「夢みらい応援資金」贈呈式を実施しました
児童養護施設等で育った303名の学びと未来を支える御寄附に感謝
静岡県社会福祉協議会は、令和7年度 赤い羽根課題解決プロジェクト募金による児童養護施設等退所児童への就学等支援事業として、令和8年8月19日、静岡県総合社会福祉会館シズウエルにおいて「夢みらい応援資金」贈呈式を実施しました。

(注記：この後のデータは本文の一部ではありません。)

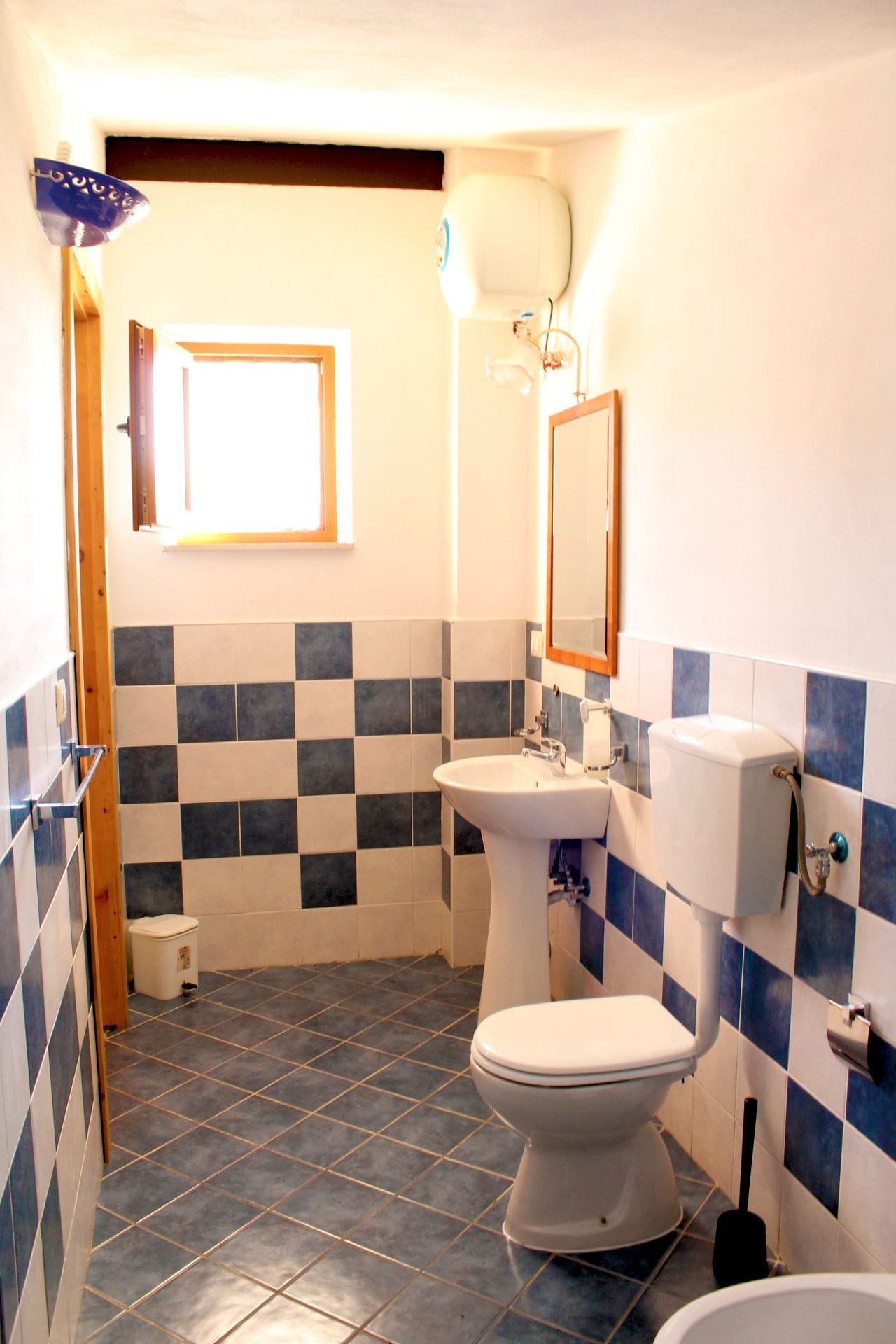 A small bathroom with a white toilet, a sink, and a mirror. The walls are tiled in a blue and white checkered pattern.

多くの皆様から寄せられた御寄附とあたたかな応援メッセージに、心から感謝申し上げます。
本事業は、児童養護施設等への入所措置や里親委託の解除後、自立した生活を送りながら大学等で学ぶ学生や、施設・里親家庭で暮らす中学生・高校生等を対象に、学びの継続を支えることを目的として実施しているものです。
寄付を通じて経済的な支援を行うだけでなく、「応援している人がたくさんいる」というメッセージを届けることも大切な目的の一つです。
令和8年1月から3月までの募金では、静岡県共同募金会の「赤い羽根課題解決プロジェクト募金」の仕組みを活用し、8,742,024円の御寄附が寄せられました。前年度の約2.1倍となる大きな御支援をいただき、本事業を支える力となりました。
この御寄附をもとに、本年度は関係機関と連携しながら、303名の学生等に応援資金をお届けしました。あわせて、給付の対象を中学1・2年生、高校を中退した方、大学院で学ぶ方まで広げ、一人あたりの金額も引き上げています。
・措置解除後、大学等に進学し自立生活をしている方 30万円
・措置延長で大学等に進学中の方、自立支援事業対象者ほか 6万5千円
・施設・里親家庭等で暮らす中学生・高校生 1万円
また、御要望を踏まえて給付の時期を前年度より早め、部活動や進学に向けた準備など、学生が必要とする時期に資金を届けられるようにしました。
贈呈式では、応援資金を受け取った学生2名があいさつをしてくれました。
「幼いころは児童養護施設で、中学からは里親家庭で育ちました。高校で気持ちが沈み、生い立ちのせいにしそうになった時期もありましたが、里親が支え続けてくれ、希望していた国立大学に進学することができました。これからは学んだことを社会のために生かしたいです。」
「施設の職員に支えられた経験から、大学で心理学を学んでいます。将来は子どもに関わる仕事に就きたいと思っています。」
自らの経験を率直に語る姿に、会場では涙を流す参加者もいました。
贈呈式には静岡県社会福祉協議会、静岡県児童養護施設協議会、静岡県里親連合会、静岡県、静岡県共同募金会などの関係者が出席し、寄付者の皆さまの想いを必要とする学生たちへ確かに届けていくことを改めて確認する機会となりました。
静岡県社会福祉協議会では、今後も関係機関と連携し、児童養護施設等で育った若者が安心して学び、自らの夢や未来に向かって歩んでいけるよう支援を続けてまいります。御寄附をお寄せくださった皆さま、募金活動を応援してくださった皆さまに、改めて深く御礼申しあげます。
本事業は、静岡県共同募金会の「“赤い羽根”課題解決プロジェクト募金~使いみちを選べる募金~」の仕組みを活用し、皆様からいただいた御寄付により運営されております。